Reciprocal: 2 Chronicles 24:2 - Joash Psalms 33:1 - praise Psalms 50:16 - thou shouldest Psalms 66:3 - submit themselves Psalms 119:118 - their deceit Isaiah 59:13 - lying Isaiah 63:8 - children Jeremiah 3:10 - Judah Acts 8:21 - for
Gill's Notes on the Bible
Nevertheless, they did flatter him with their mouth,.... In prayer to him, they only drew nigh to him with their mouths, and honoured him with their lips; they showed much love to him and his ways and ordinances hereby; but their hearts were not with him, but after their lusts; they made fine speeches and fair promises, but their hearts and mouths did not agree; they spoke with a double heart, thinking and endeavouring to "deceive" the Lord, as the word b here used signifies; but he is not to be deceived, nor will he be mocked; the Targum is,
"they allured (or persuaded) him, with their mouth;''
they attempted to do so; the Syriac and Arabic versions are, "they loved him with their mouth"; professed great love and sincere affection to him, when they had none:
and they lied unto him with their tongues; to lie unto men is bad, but to God is worse; and it is a most vain and foolish thing, since there is not a word in the tongue of any but is known to him.
b ויפתוהו "quamvis conarentur eum decipere", Junius Tremellius "attamen decipiebant eum", Cocceius.
Barnes' Notes on the Bible
Nevertheless they did flatter him with their mouth - The word rendered “flatter” means properly “to open;” and hence, “to be open; to be ingenious or frank;” and then, to be easily persuaded, to be deluded, to be beguiled; and hence, also, in an active form, to persuade, to entice, to seduce, to beguile, to delude. The meaning here is, that they attempted to deceive by their professions, or that their professions were false and hollow. Those professions were the mere result of affliction. They were based on no principle; there was no true love or confidence at the foundation. Such professions or promises are often made in affliction. Under the pressure of heavy judgments, the loss of property, the loss of friends, or the failure of health, people become serious, and resolve to give attention to religion. It is rarely that such purposes are founded in sincerity, and that the conversions apparently resulting from them are true conversions. The Septuagint and the Latin Vulgate render the phrase here, “They loved with their mouth.”

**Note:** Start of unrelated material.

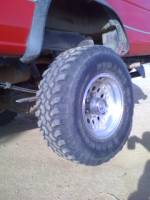 Nissan Hardbody - Back Tire Articulation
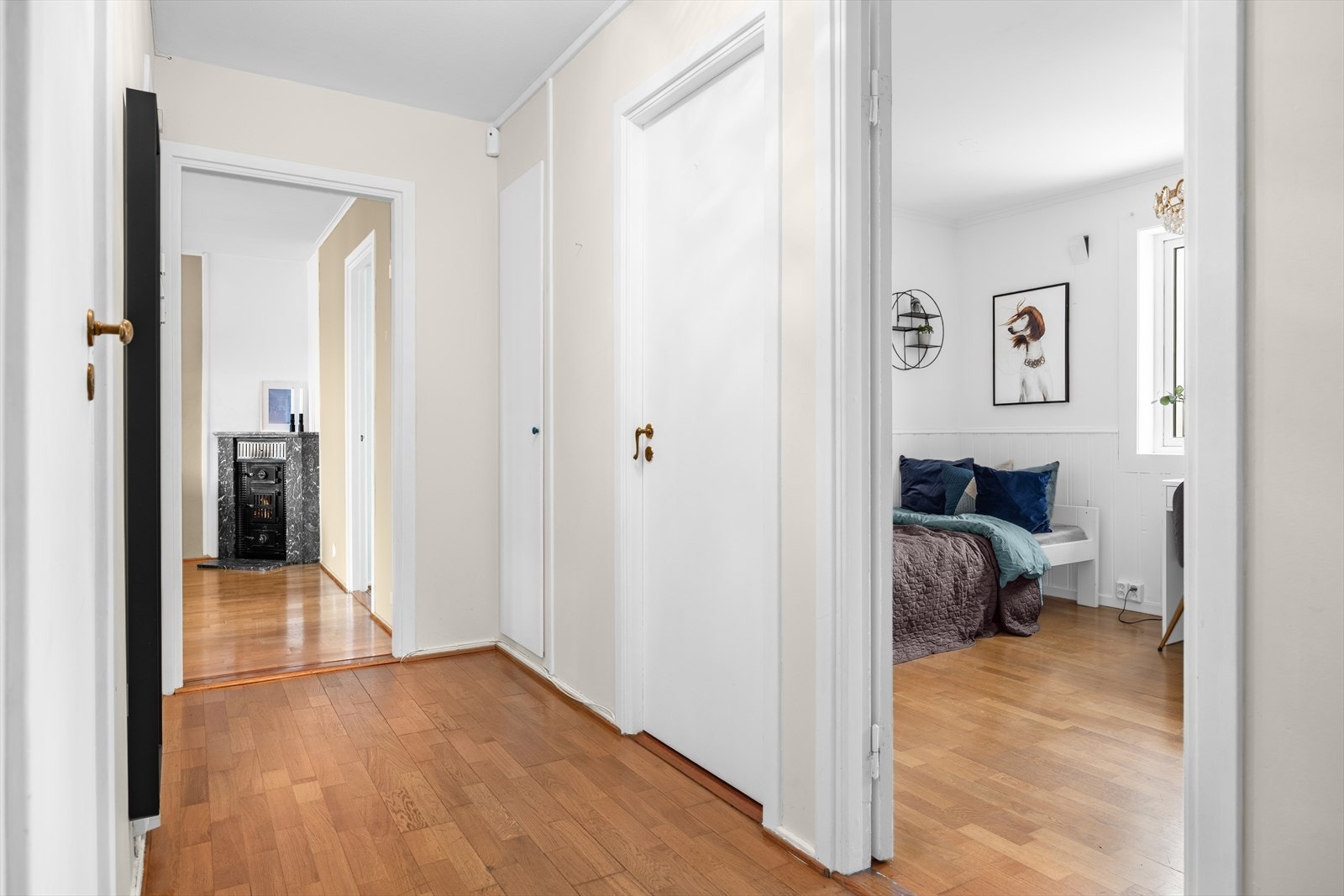 Romslig gang med god plass til å henge av seg ytterklær og sette fra seg skoene. Tilgang til et praktisk, innebygd skap. Galleribilde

And they lied unto him with their tongues - They made promises which they did not keep.
Clarke's Notes on the Bible
Verse Psalms 78:36. Nevertheless they did flatter him with their mouth — What idea could such people have of God, whom they supposed they could thus deceive? They promised well, they called him their God, and their fathers' God; and told him how good, and kind, and merciful he had been to them. Thus, their mouth flattered him. And they said that, whatever the Lord their God commanded them to do, they would perform.
And they lied unto him. — I think the Vulgate gives the true sense of the Hebrew: Dilexerunt eum in ore suo; et lingua sua mentiti sunt ei, - "They loved him with their mouth; and they lied unto him with their tongue." "That is," says the old Psalter, "thai sayde thai lufed God, bot thai lighed, als thair dedes schewes; for thai do noght als thai hight; for when God ceses to make men rad; than cese thai to do wele."